### TASK DESCRIPTION
Pictures aside, return every line below exactly as written.

### MATERIAL PROVIDED
......

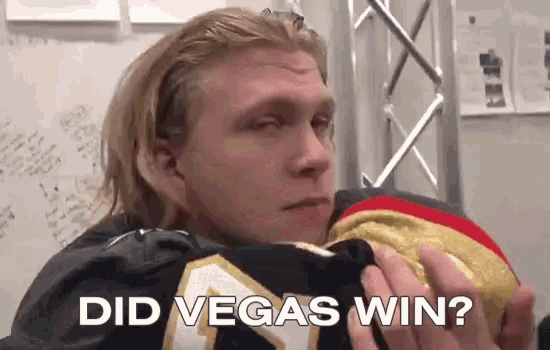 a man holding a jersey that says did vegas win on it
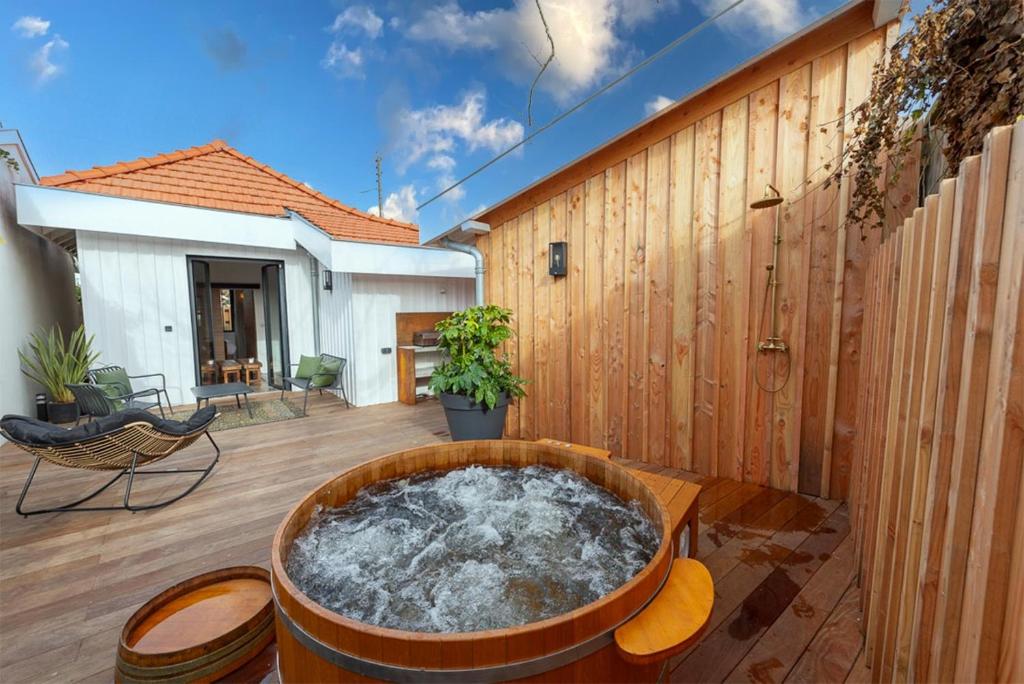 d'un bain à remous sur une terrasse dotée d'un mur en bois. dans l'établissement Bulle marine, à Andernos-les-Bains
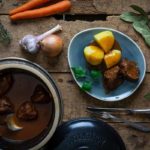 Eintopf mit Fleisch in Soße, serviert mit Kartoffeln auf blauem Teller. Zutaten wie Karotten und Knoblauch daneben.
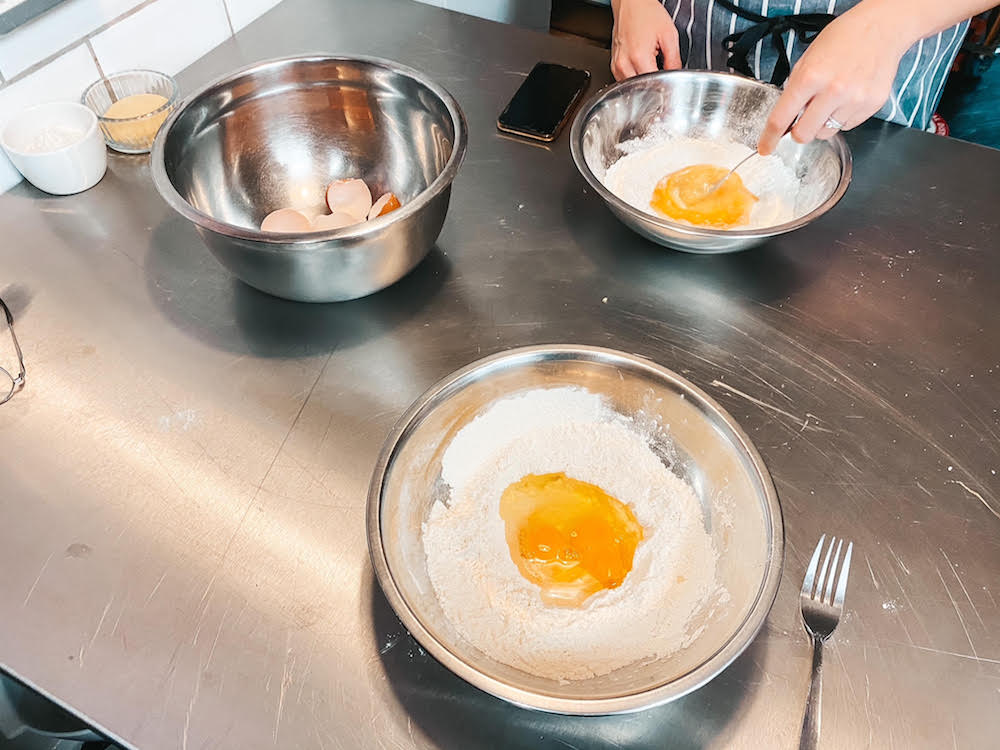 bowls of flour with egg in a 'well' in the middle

......

### YOUR RESPONSE
 a man holding a jersey that says did vegas win on it
 d'un bain à remous sur une terrasse dotée d'un mur en bois. dans l'établissement Bulle marine, à Andernos-les-Bains
 Eintopf mit Fleisch in Soße, serviert mit Kartoffeln auf blauem Teller. Zutaten wie Karotten und Knoblauch daneben.
 bowls of flour with egg in a 'well' in the middle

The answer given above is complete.